The fear his parents live with is one of the reasons why Lopez protested Monday, he said. He was one of 300 people who gathered with Michigan United and ProKzoo at Bronson Park on May Day for the ‘Day Without Immigrants’ rally also known as Un Dia Sin Immigrantes.
“We are here to protest,” said Coral Cervantes, a senior as well at Kalamazoo College. “We are here to fight back because of all the unjust policies that are in place right now in the administration.”
Policies that take away immigrants rights as workers in the private and public sectors, she said. Cervantes is a part of the La Cosecha Movement, an organization created to protect the rights and dignity of 11 million undocumented workers.
“I want people to know that they are families, they are children, they are students, they are people in positions of what we would call authority that are affected by this on the daily,” said the 23-year-old student activist from the San Fernando Valley in California. “It’s really important to emphasize that immigrant rights are human rights.
Cervantes said Monday’s rallies, which are taking place nationwide, actually started 10 years ago when immigrant farmers demanded better pay and shorter hours. Millions of people marched in the streets about their situation. Years later, it’s turned into a fight to get the general public to see them as human beings.
“We are human,” said Cervantes with a smile. “Immigrants are humans and immigrant rights are human rights.”
Lopez said the effort to sanction immigrants has sometimes turned violent, especially when families are physically torn a part. With constant talk of the wall going up on the Texas-Mexico border and the ICE detainments happening at airports across the country, many immigrants live in fear. He said they go into hiding for fear of being deported.

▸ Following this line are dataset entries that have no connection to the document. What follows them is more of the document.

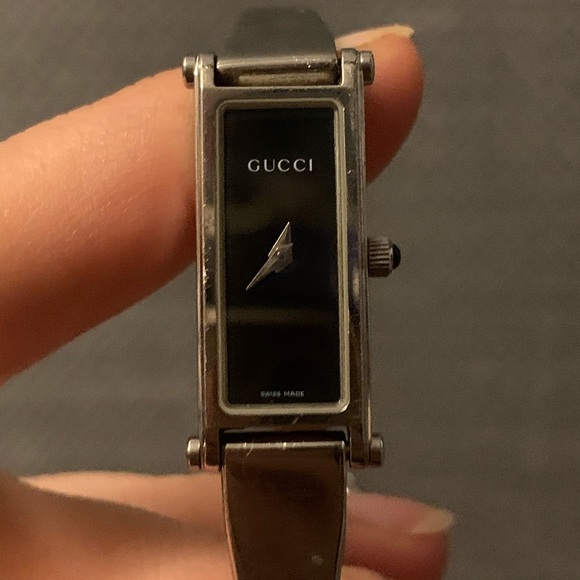 Gucci Vintage Watch with Box & Duster - Picture 8 of 13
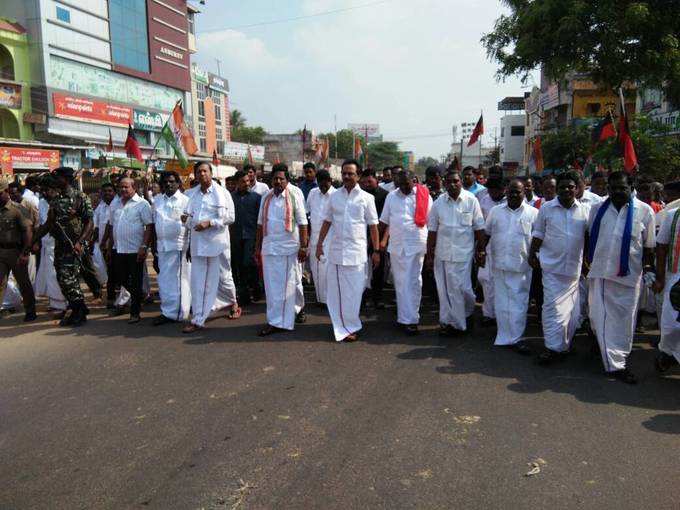 புகைப்படங்கள் : தமிழகத்தை ஸ்தம்பிக்க வைத்த கடை அடைப்பு போராட்டம்!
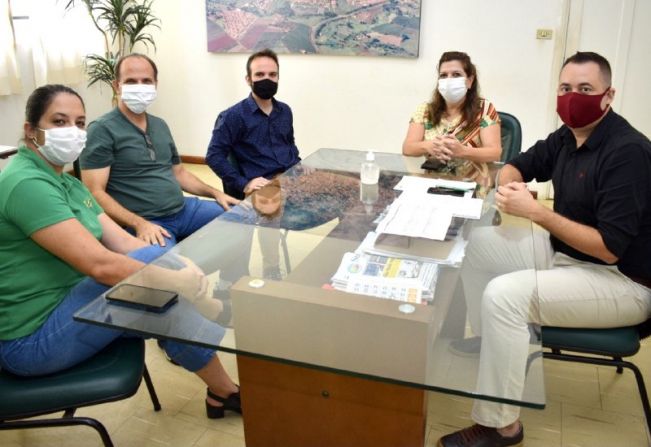 Representantes do Lar São Vicente se encontram com prefeito Luciano Filé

“Some of my other friends have families that have been deported, have been detained,” said Lopez. “It’s a very scary and very violent process of being detained and not knowing the whereabouts of loved ones.”
Lopez said he feels the fear that others are experiencing. It’s impacted him so much he won’t allow his parents to risk their livelihood by traveling to his graduation. He, like others, hope that the rallies will help people to see immigrants as their equals.
“They should engage in politics whether it be marches, strikes, boycotts, social movements,” said Lopez as his advice to the general public. “Together with social movements we can influence public opinion.”